The problem
Memory managers are easy to write incorrectly:
I set my GC header bit to zero.
Other runtime system code runs.
My GC header bit is now set to one.
The distinction matters: this is a memory safety error, not a static bug. Bugs are statically possible violations; errors are runtime violations of dynamic semantics. A bug need not produce an error, and an error need not trace to an obvious bug.
Why current solutions fall short
The standard toolkit — printf debugging, code editors, static control-flow analysis, mailing lists — addresses bugs, not errors. Memory safety errors in memory managers require:
- Knowing the current configuration of memory
- Knowing what code is running
- Knowing what memory that code is allowed to access
Documentation is a programming-language concern, not just a comment in a source file. Weeks of manual debugging typically follow from the false assumption that all errors are the result of statically-catchable bugs.
PL approach: every problem is a language
Frame the problem formally.

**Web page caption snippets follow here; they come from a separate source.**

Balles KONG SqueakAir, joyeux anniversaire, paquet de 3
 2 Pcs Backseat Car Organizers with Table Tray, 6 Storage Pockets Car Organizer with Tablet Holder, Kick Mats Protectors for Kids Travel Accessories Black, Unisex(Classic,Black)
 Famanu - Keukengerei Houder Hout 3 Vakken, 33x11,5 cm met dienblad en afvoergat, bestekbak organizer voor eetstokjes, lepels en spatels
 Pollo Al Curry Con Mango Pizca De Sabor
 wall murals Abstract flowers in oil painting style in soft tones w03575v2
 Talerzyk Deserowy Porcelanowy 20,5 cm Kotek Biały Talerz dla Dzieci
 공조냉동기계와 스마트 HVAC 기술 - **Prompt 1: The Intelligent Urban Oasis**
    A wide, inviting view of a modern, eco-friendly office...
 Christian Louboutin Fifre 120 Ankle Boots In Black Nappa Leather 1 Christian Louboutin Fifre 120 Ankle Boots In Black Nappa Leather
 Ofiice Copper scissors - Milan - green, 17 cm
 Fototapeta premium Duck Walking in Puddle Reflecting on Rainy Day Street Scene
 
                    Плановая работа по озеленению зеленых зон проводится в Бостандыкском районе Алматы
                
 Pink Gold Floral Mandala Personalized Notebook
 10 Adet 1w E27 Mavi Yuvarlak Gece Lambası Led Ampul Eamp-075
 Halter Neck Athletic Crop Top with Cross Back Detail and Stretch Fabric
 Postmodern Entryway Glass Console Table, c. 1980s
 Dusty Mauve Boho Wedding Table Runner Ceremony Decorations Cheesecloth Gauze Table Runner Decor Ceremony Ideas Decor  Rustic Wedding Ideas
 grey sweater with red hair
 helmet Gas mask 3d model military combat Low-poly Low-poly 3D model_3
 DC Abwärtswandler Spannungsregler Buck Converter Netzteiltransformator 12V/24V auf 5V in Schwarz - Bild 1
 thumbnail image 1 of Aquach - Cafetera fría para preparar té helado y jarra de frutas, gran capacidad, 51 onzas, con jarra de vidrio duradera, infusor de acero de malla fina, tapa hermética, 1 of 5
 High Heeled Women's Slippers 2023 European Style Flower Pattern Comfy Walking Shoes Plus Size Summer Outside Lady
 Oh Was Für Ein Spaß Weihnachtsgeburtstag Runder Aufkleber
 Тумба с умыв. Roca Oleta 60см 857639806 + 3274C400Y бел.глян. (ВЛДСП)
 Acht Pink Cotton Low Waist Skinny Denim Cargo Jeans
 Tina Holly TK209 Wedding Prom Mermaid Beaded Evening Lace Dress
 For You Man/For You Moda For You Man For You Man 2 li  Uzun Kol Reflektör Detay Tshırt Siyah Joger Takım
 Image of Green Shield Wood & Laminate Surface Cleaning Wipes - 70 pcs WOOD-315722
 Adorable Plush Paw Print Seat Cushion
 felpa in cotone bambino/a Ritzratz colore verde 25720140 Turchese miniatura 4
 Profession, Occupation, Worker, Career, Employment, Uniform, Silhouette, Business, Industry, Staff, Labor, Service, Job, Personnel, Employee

Define:
- M(VM) — the set of valid memory configurations: Is address 0x0000…0xFFFF ∈ M(VM)?
- C(VM) — the set of valid (code, memory-type) pairs: Is (Code(ip), MemoryType(esi)) ∈ C(VM)?
Specify M(VM) and C(VM) explicitly, then check membership dynamically.
Prior work: dynamic binary instrumentation (Permchecker)
- Specify M(VM) and C(VM) imperatively, in terms of the runtime
- Half-portable — requires VM-specific alloc() and free() hooks
- Shared Permchecker API across VMs
Ongoing work: Floorplan (FLP) specification language
Memory manager memory has three structural properties that Permchecker exploits:
- Layered: Page → Space → Block → Cell
- Bifurcated: alloc-path vs. free-path
- Owned: metadata at each layer, free chunks at each layer
Floorplan (FLP) is a language for specifying M(VM) separately from the memory manager implementation — making the layout explicit so tools can reason about it.
FLP toolchain
- Parser implemented in Haskell
- Transpiler in progress: tiles FLP layers onto C structs or C++ classes
- Target implementations: HotSpot, JikesRVM, GHC
- Pin and Valgrind DBI backend
- Take-away: a language for specifying memory layout capable of describing a wide variety of VM implementations (Java, Haskell, JavaScript, …)
Future work: specifying C(VM)
Integrate permission specifications with the host language or a framework:
- Target C++ class methods (portability: lowest common denominator)
- Target Rust (safety: stronger static guarantees)
- Integrate with LLVM (automation)